Dynamic Privacy Budget Allocation Improves Data Efficiency of Differentially Private Gradient Descent

TL;DR

This paper analyzes how dynamic privacy budgets in Differentially Private Gradient Descent can be optimized to improve model utility, providing theoretical insights and empirical validation for different noise schedules and their effects on non-convex losses.

Contribution

It introduces a dynamic noise schedule that minimizes utility loss in DP-GD and explores the effects of momentum and loss curvature on privacy-utility trade-offs.

Findings

Dynamic noise schedules can improve utility in DP-GD.

The influence of noise depends on loss curvature and momentum.

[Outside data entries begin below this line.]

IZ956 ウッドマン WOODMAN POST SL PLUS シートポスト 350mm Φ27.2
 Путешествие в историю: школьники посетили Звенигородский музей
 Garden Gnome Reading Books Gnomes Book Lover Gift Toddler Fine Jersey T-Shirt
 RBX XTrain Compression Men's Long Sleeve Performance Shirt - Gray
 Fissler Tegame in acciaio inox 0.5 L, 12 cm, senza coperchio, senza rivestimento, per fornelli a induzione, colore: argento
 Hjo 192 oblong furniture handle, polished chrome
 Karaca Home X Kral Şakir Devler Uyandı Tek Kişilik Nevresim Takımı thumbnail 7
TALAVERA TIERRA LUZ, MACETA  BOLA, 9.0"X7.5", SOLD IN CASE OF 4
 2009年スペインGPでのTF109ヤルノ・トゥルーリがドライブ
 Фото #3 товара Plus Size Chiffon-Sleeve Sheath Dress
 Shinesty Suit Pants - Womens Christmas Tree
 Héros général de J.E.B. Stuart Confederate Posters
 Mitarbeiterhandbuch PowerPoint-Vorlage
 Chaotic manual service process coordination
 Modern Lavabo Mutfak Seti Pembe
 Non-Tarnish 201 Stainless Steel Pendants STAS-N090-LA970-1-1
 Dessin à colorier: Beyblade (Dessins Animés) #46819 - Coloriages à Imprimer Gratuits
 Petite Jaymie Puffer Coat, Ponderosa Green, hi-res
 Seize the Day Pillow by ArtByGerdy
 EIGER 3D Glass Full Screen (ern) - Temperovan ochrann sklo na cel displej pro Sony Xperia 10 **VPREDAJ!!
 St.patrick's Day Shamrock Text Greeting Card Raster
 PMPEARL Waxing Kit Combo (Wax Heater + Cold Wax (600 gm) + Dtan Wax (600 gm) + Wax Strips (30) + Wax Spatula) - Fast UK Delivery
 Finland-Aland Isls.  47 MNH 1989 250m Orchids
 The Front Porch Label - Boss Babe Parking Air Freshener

Theoretical analysis links noise influence to optimization performance.

Abstract

Protecting privacy in learning while maintaining the model performance has become increasingly critical in many applications that involve sensitive data. Private Gradient Descent (PGD) is a commonly used private learning framework, which noises gradients based on the Differential Privacy protocol. Recent studies show that \emph{dynamic privacy schedules} of decreasing noise magnitudes can improve loss at the final iteration, and yet theoretical understandings of the effectiveness of such schedules and their connections to optimization algorithms remain limited. In this paper, we provide comprehensive analysis of noise influence in dynamic privacy schedules to answer these critical questions. We first present a dynamic noise schedule minimizing the utility upper bound of PGD, and show how the noise influence from each optimization step collectively impacts utility of the final model. Our study also reveals how impacts from dynamic noise influence change when momentum is used. We empirically show the connection exists for general non-convex losses, and the influence is greatly impacted by the loss curvature.